Tuesday, 10 June 2014
IRT Deadliest Roads, Season 2 (2011)
I visited Alaska in 2007, a trip which included a 2-day journey down the Dalton Highway (during September, so there was no snow). It was one of the best travel experiences I've had, and I subsequently became a casual fan of the show Ice Road Truckers. I didn't seek it out, but I'd watch it if it was on.
When I heard about this spin-off, on the other hand, I did seek it out, to the point of buying Season 2 when I wasn't able to catch it on TV.
The premise of Deadliest Roads is to take some of the truckers who normally work in the US or Canada and transplant them into other, extremely challenging trucking environments. Season 1 had them working in the Himalayas; in this season, it's the Andes.
I should start by saying that I am under no illusions about the 'reality' part of 'reality TV'. I know there's a significant measure of dramatization included in all such shows. That doesn't worry me. I do dislike the 'game show' aspect of many of them, which is thankfully absent both from this and its parent show.
Anyway, this series starts with six North American truckers arriving in Bolivia to work the Yongas Road, often referred to as the 'Death Road', a single-lane, cliffside dirt road that claims about 300 lives per year. They'll also tackle similarly dangerous roads in Peru, later in the season, most of them not designed for the large trucks they'll be driving.

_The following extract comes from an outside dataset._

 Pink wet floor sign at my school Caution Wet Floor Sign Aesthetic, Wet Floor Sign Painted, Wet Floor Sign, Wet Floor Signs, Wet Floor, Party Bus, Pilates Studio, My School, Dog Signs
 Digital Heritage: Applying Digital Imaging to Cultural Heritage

The truckers are in three teams of two: it's expected that one person drives and the other acts as a spotter, checking the side of the truck the driver can't see, or getting out to provide guidance in especially sticky situations. The teams range from 20-year veterans to rookies who've only ever driven in urban environments before.

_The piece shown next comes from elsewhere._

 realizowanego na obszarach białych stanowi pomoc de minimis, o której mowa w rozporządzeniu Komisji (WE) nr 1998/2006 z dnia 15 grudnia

As might be expected, the show's makers have chosen people with larger-than-normal personalities, and you'll soon grow to like or loathe each of them. You can be sure of seeing the ones you dislike come unstuck at some point, though: this is not a show that is short on schadenfreude.
There's lots of stunning scenery, some interesting glimpses of life in a very different part of the world, and lots of trucks getting stuck, or nearly-but-not-quite-falling off cliffs. It's quite an entertaining bit of nonsense, really.